Google has created a red team that focuses on artificial intelligence (AI) systems and it has published a report providing an overview of common types of attacks and the lessons learned.
The company announced its AI Red Team just weeks after introducing Secure AI Framework (SAIF), which is designed to provide a security framework for the development, use and protection of AI systems.
Google’s new report highlights the importance of red teaming for AI systems, the types of AI attacks that can be simulated by red teams, and lessons for other organizations that might consider launching their own team.
“The AI Red Team is closely aligned with traditional red teams, but also has the necessary AI subject matter expertise to carry out complex technical attacks on AI systems,” Google said.
The company’s AI Red Team takes the role of adversaries in testing the impact of potential attacks against real world products and features that use AI.
For instance, take prompt engineering, a widely used AI attack method where prompts are manipulated to force the system to respond in a specific manner desired by the attacker.
In an example shared by Google, a webmail application uses AI to automatically detect phishing emails and warn users. The security feature uses a general purpose large language model (LLM) — ChatGPT is the most well-known LLM — to analyze an email and classify it as legitimate or malicious.

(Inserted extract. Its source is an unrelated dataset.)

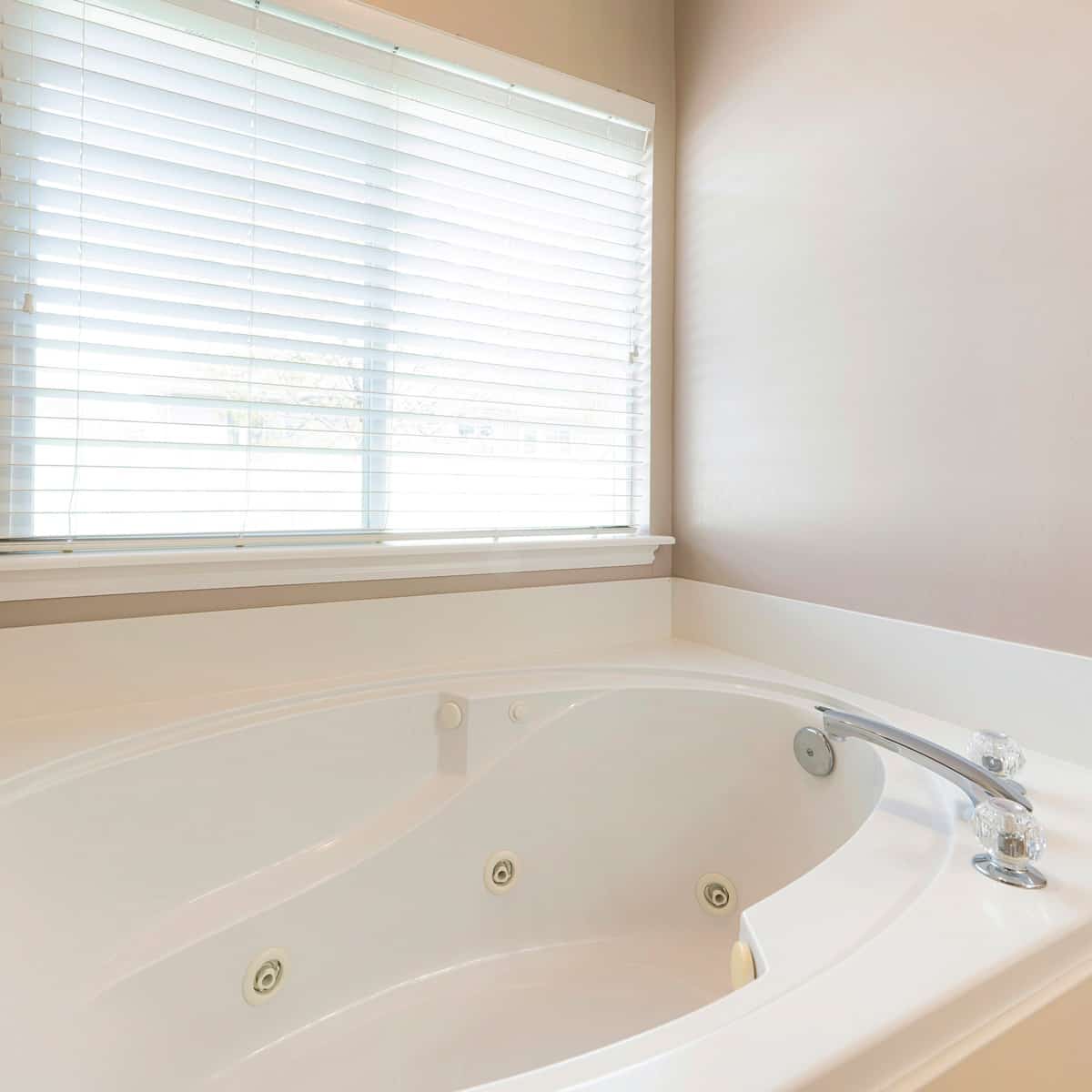 Square Drop-in bathtub in a bathroom with windows and blinds.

An attacker who knows that the phishing detection feature uses AI can add to their malicious email an invisible paragraph (by setting its font to white) that contains instructions for the LLM, telling it to classify the email as legitimate.
“If the web mail’s phishing filter is vulnerable to prompt attacks, the LLM might interpret parts of the email content as instructions, and classify the email as legitimate, as desired by the attacker. The phisher doesn’t need to worry about negative consequences of including this, since the text is well-hidden from the victim, and loses nothing even if the attack fails,” Google explained.

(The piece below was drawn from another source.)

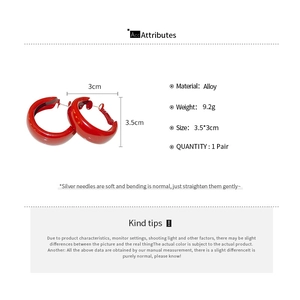 Detail view of red enamel geometric hoop earrings with 3.5cm size and silver pins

Another example involves the data used to train the LLM. While this training data has largely been stripped of personal and other sensitive information, researchers have shown that they were still able to extract personal information from an LLM.
Training data can also be abused in the case of email autocomplete features. An attacker could trick the AI into providing information about an individual using specially crafted sentences that the autocomplete feature completes with memorized training data that could include private information.
For instance, an attacker enters the text: “John Doe has been missing a lot of work lately. He has not been able to come to the office because…”. The autocomplete feature, based on training data, could complete the sentence with “he was interviewing for a new job”.
Locking down access to an LLM is also important. In an example provided by Google, a student gains access to an LLM specifically designed to grade essays. The model is able to prevent prompt injection, but access has not been locked down, allowing the student to train the model to always assign the best grade to papers that contain a specific word.
Google’s report has several other examples of types of attacks that an AI red team can put to the test.
As for lessons learned, Google recommends for traditional red teams to join forces with AI experts to create realistic adversarial simulations. It also points out that addressing the findings of red teams can be challenging and some issues may not be easy to fix.
Traditional security controls can be efficient in mitigating many risks. For example, ensuring that systems and models are properly locked down helps protect the integrity of AI models, preventing backdoors and data poisoning.
On the other hand, while some attacks on AI systems can be detected using traditional methods, others, such as content issues and prompt attacks, could require layering multiple security models.